Enforcing arbitral awards: Dutch Supreme Court rules judges must consider whether consumer law has been complied with

Written on 14 Nov 2019

In a judgement dated 8 November 2019, the Dutch Supreme Court found that a judge, when ruling on a request for leave to enforce an arbitration award in a consumer case, must check on their own initiative whether the rules of European and national consumer law have been complied with.

What was the case about?

A foundation asked the preliminary relief judge to grant leave to enforce an arbitration award that was issued by an arbitrator of Stichting Arbitrage Rechtspraak Nederland.

In the arbitral award, a claim was awarded against a natural person for payment of overdue rent instalments. The arbitration clause that designated Stichting Arbitrage Rechtspraak Nederland as the tribunal was included in the general terms and conditions. The consumer did not appear in either the arbitration proceedings or in the proceedings for the enforcement of the arbitral award. Collection costs were also awarded by the arbitral tribunal (article 6:96 paragraph 6 of the Dutch Civil Code).

Questions referred for a preliminary ruling

The Dutch Supreme Court noted first that if an arbitration clause is included in general conditions, the regime of European consumer law (Directive 93/13/EEC) and that of national consumer law (article 6:236 preamble and under n Dutch Civil Code) apply in parallel.

The Supreme Court ruled that the preliminary relief judge that assesses a request for leave to enforce an arbitral award in a consumer case is obliged to examine on their own initiative whether or not:

(i) the arbitration clause or contractual basis of the claim is 'unfair' within the meaning of European consumer law; and

(ii) the arbitration clause grants the consumer a period of at least one month after the other party has invoked the arbitration clause to choose to have the dispute submitted to the ordinary court; and whether the consumer has actually been granted this period.

If it is plausible that one of the circumstances mentioned under (i) above occurs, or that one of the circumstances mentioned under (ii) does not occur, the preliminary relief judge must in principle refuse to grant leave. If leave is refused, this means that the arbitral award cannot be enforced against the consumer.
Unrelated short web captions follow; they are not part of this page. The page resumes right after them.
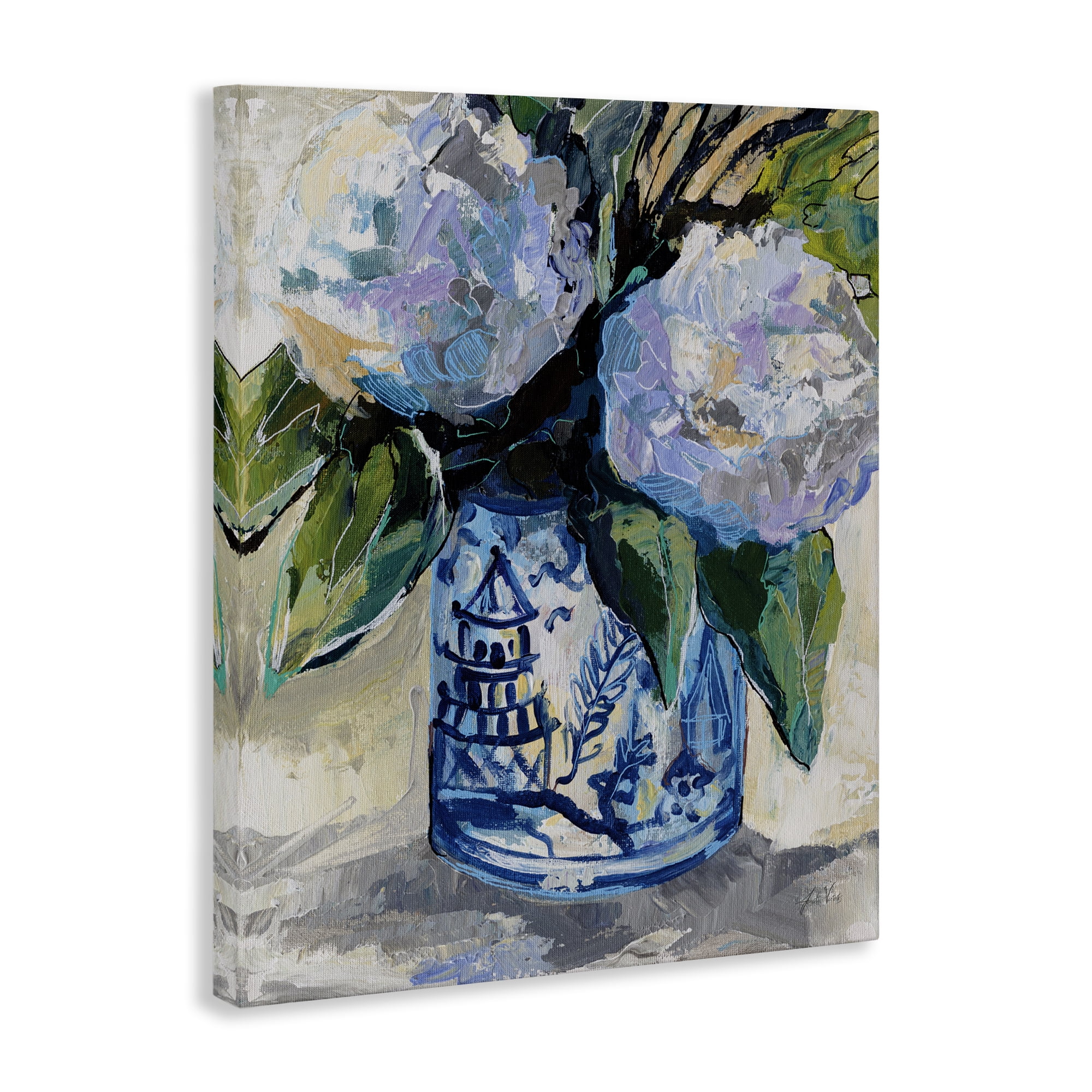 Stupell Industries August Blooming Bouquet Plants & Flowers Painting Wrapped Canvas Art Print Wall Art, 24 x 30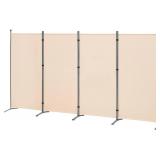 Spurgehom 4 Panel Room Divider Folding Privacy Screen, Freestanding Fabric Partition Portable Room Partition Wall Dividers for Home Office Room Restaurant, 136" W X 72" H (Beige)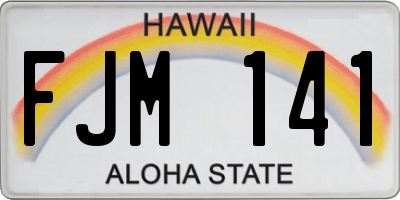 HI license plate FJM141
The preliminary relief judge does not have to examine on their own initiative whether the creditor sufficiently substantiated that collection costs should be awarded and whether the creditor has complied with other applicable rules for the award of collection costs, such as sending a so-called fourteen-day letter (article 6:96 paragraph 6 of the Dutch Civil Code).

Consumer arbitration: including and granting the one-month period

The Dutch Supreme Court ruling confirms the importance of stipulating in the arbitration clause that the consumer is granted a period of at least one month after the other party has invoked the arbitration clause to choose to have the dispute submitted to the regular court.

In addition, the consumer must actually be granted this period. In order to be able to prove that these rules have been complied with, it is advisable to clearly record correspondence with the consumer in this regard.